Short text fragments from websites:

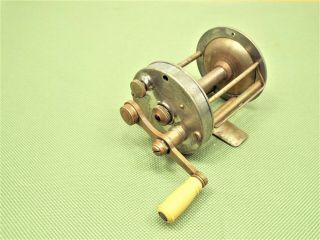 Vintage Fishing Reel South Bend Style 1131 - B Collectible Antique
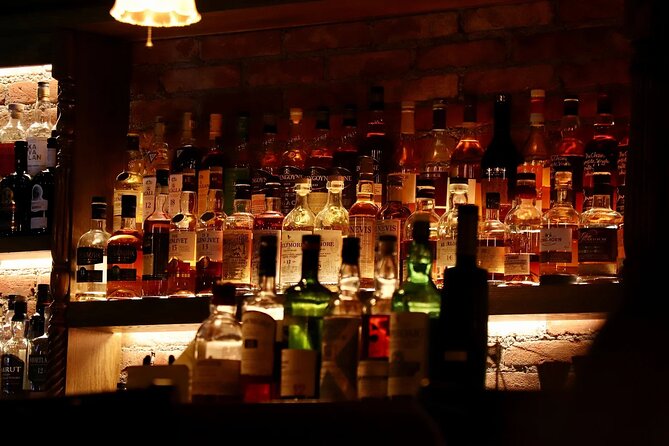 Cellar Of Scotland Walking Tour, taste Edinburgh's finest drinks - The guide: more than a drink server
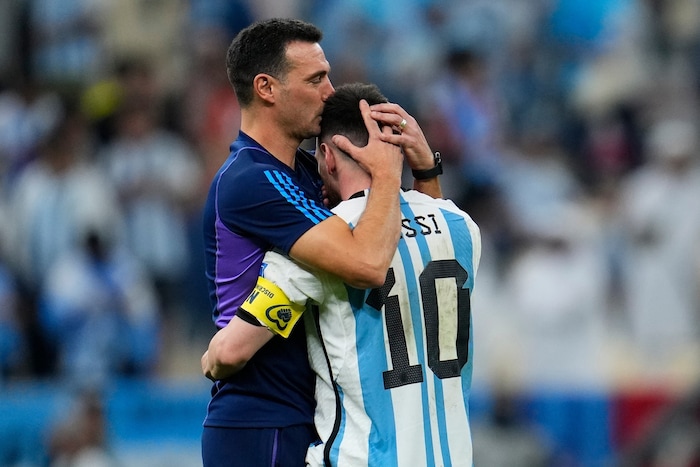Lionel Scaloni mit Lionel Messi!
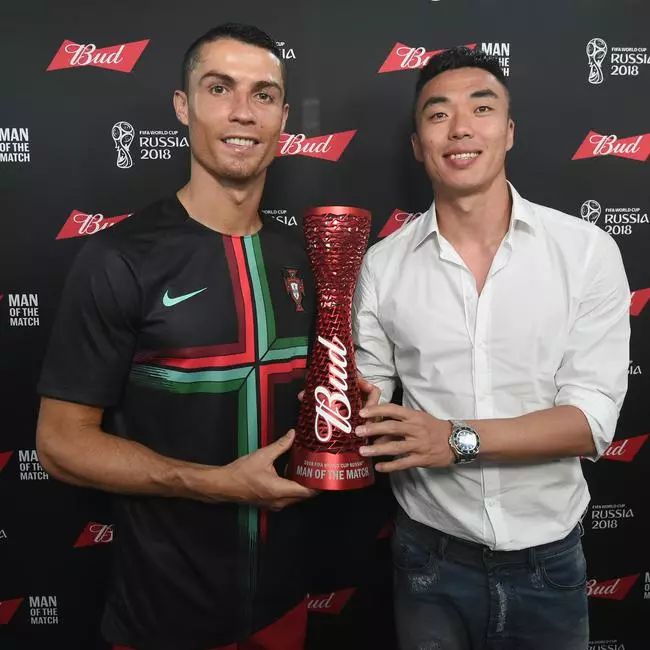 陈奕迅为林俊杰颁发金曲奖,陈奕迅颁奖世界杯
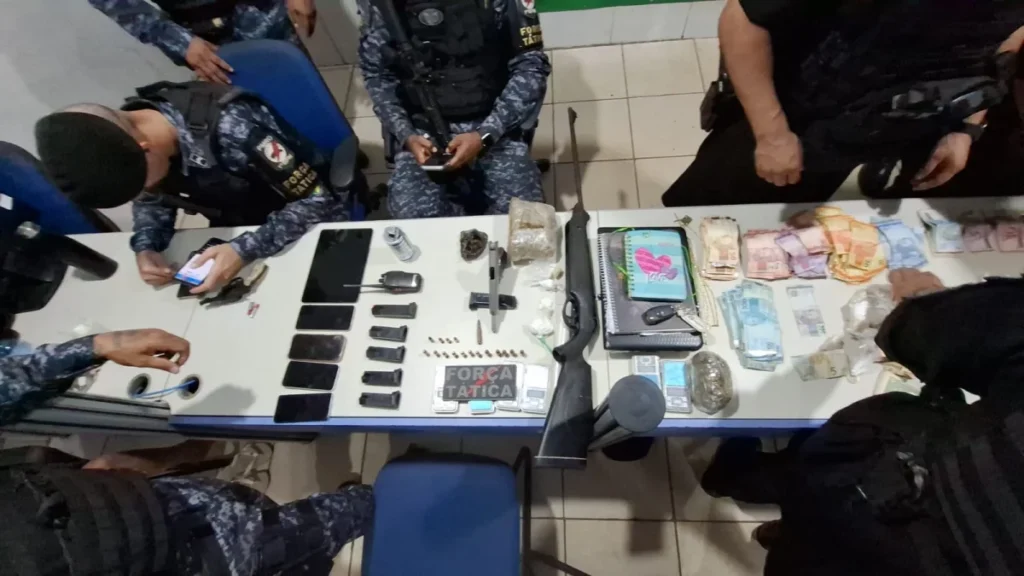 Ao ver a PM, 'Soró' dá pinote, pula muros, invade casas, mas é preso com $13 mil, drogas e apetrechos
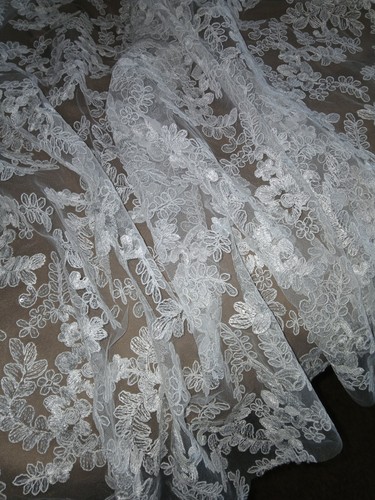 5.5 yards of Corded Floral Embroidered Sequin White Bridal Lace Fabric - Picture 4 of 4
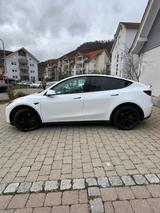 Tesla Model Y AWD Long Range BOOSTER 20 Zoll SR - Tesla Model Y in Stuttgart
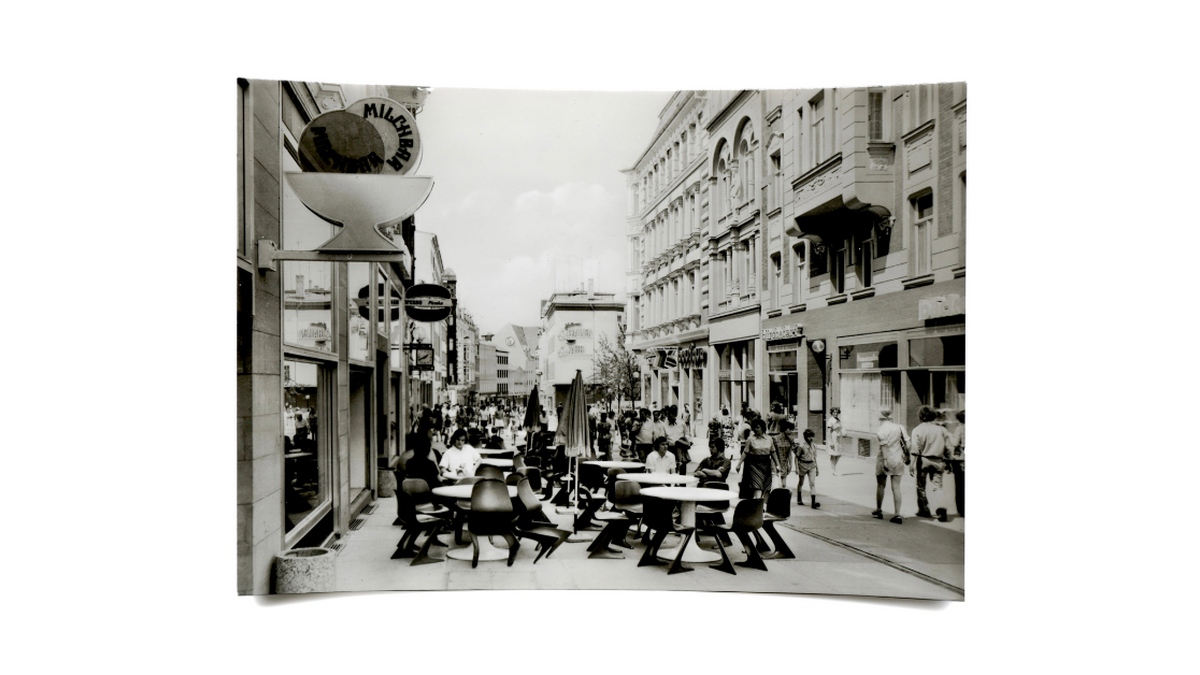Der Boulevard auf Schwarz-Weiß DDR-Ansichtskarte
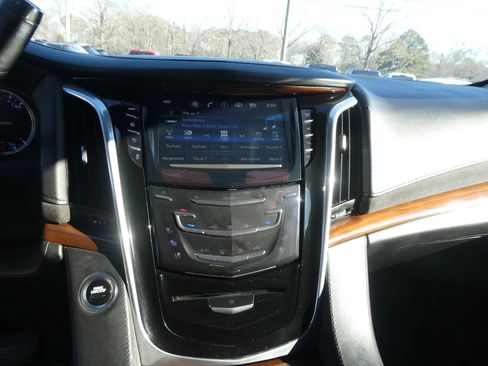Used 2019 Cadillac Escalade ESV Luxury image 22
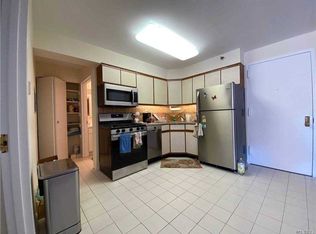 213 Lake Ave APT 1, Saint James, NY 11780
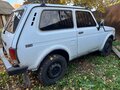 1999 Lada (ВАЗ) 2121 (4x4) I Рестайлинг, белый, 165000 рублей - вид 1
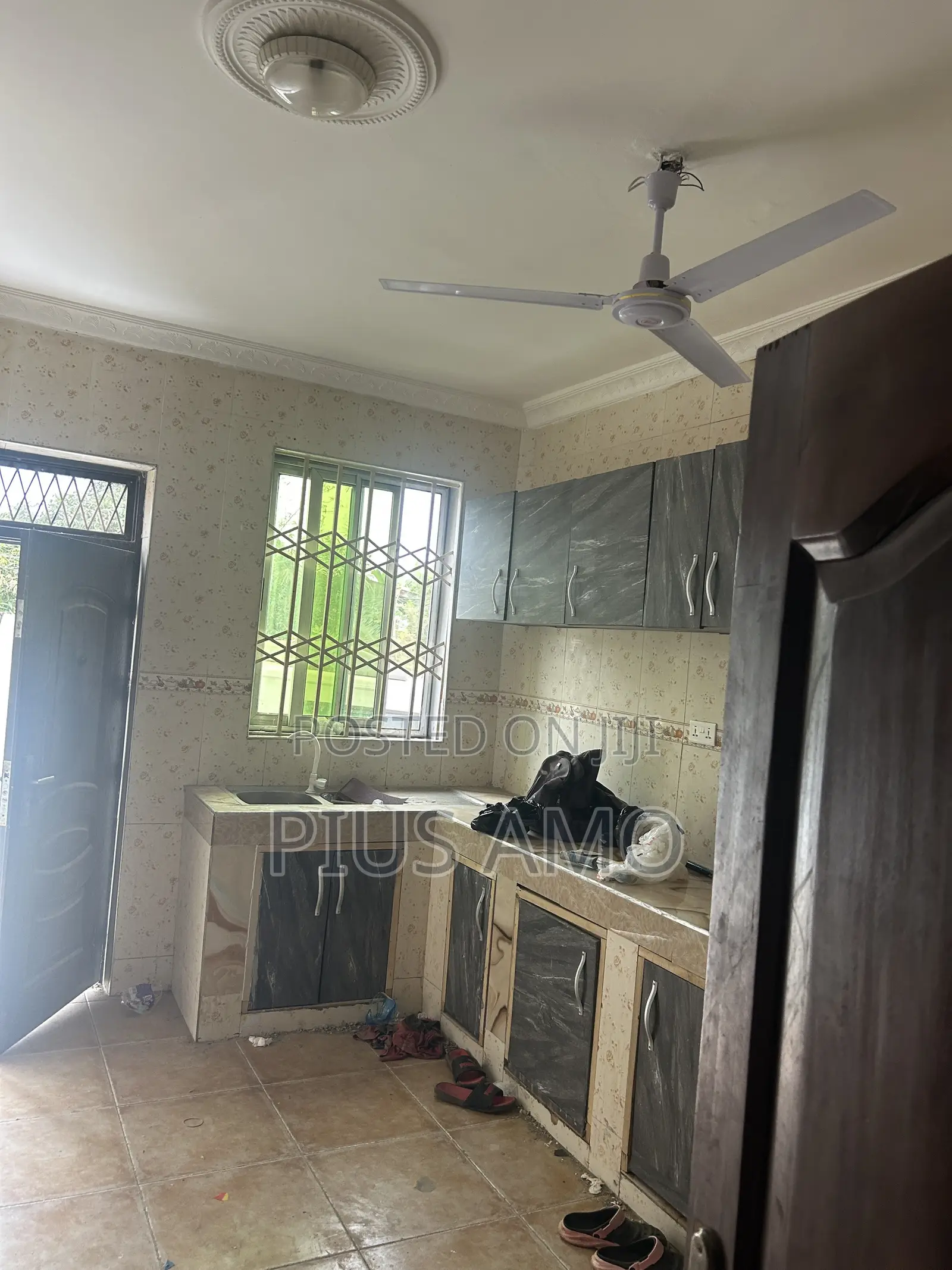 3bdrm Apartment in Teshie for rent
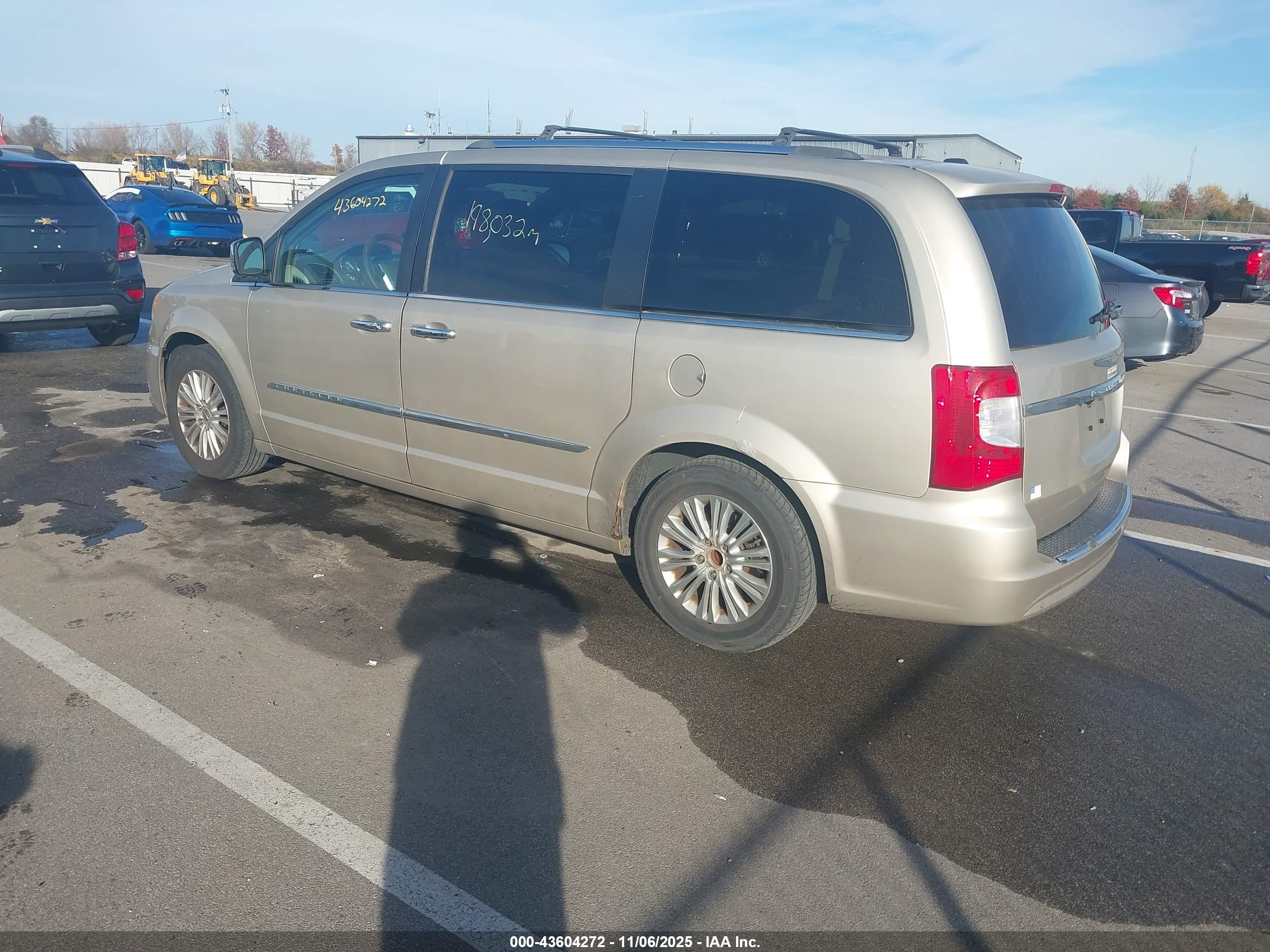 CHRYSLER TOWN image 3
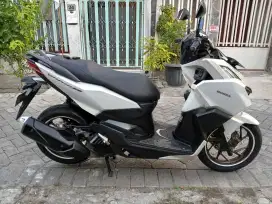 Honda vario 160 2022 km 25 rb istimewa siap pakai samsat manyar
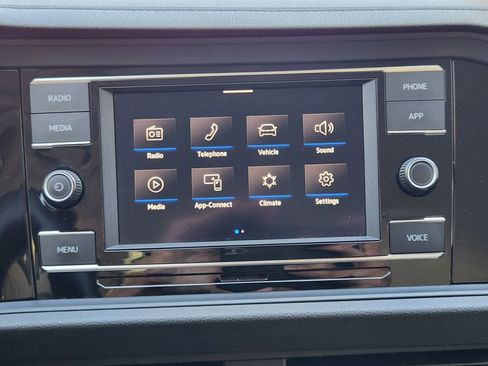 Used 2024 Volkswagen Jetta SE image 17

**WHAT IS EXPECTED:** Reproduce the data above in full, exactly as it is, with the pictures left out.

**TASK SOLUTION:**
 Vintage Fishing Reel South Bend Style 1131 - B Collectible Antique
 Cellar Of Scotland Walking Tour, taste Edinburgh's finest drinks - The guide: more than a drink server
Lionel Scaloni mit Lionel Messi!
 陈奕迅为林俊杰颁发金曲奖,陈奕迅颁奖世界杯
 Ao ver a PM, 'Soró' dá pinote, pula muros, invade casas, mas é preso com $13 mil, drogas e apetrechos
 5.5 yards of Corded Floral Embroidered Sequin White Bridal Lace Fabric - Picture 4 of 4
 Tesla Model Y AWD Long Range BOOSTER 20 Zoll SR - Tesla Model Y in Stuttgart
Der Boulevard auf Schwarz-Weiß DDR-Ansichtskarte
Used 2019 Cadillac Escalade ESV Luxury image 22
 213 Lake Ave APT 1, Saint James, NY 11780
 1999 Lada (ВАЗ) 2121 (4x4) I Рестайлинг, белый, 165000 рублей - вид 1
 3bdrm Apartment in Teshie for rent
 CHRYSLER TOWN image 3
 Honda vario 160 2022 km 25 rb istimewa siap pakai samsat manyar
 Used 2024 Volkswagen Jetta SE image 17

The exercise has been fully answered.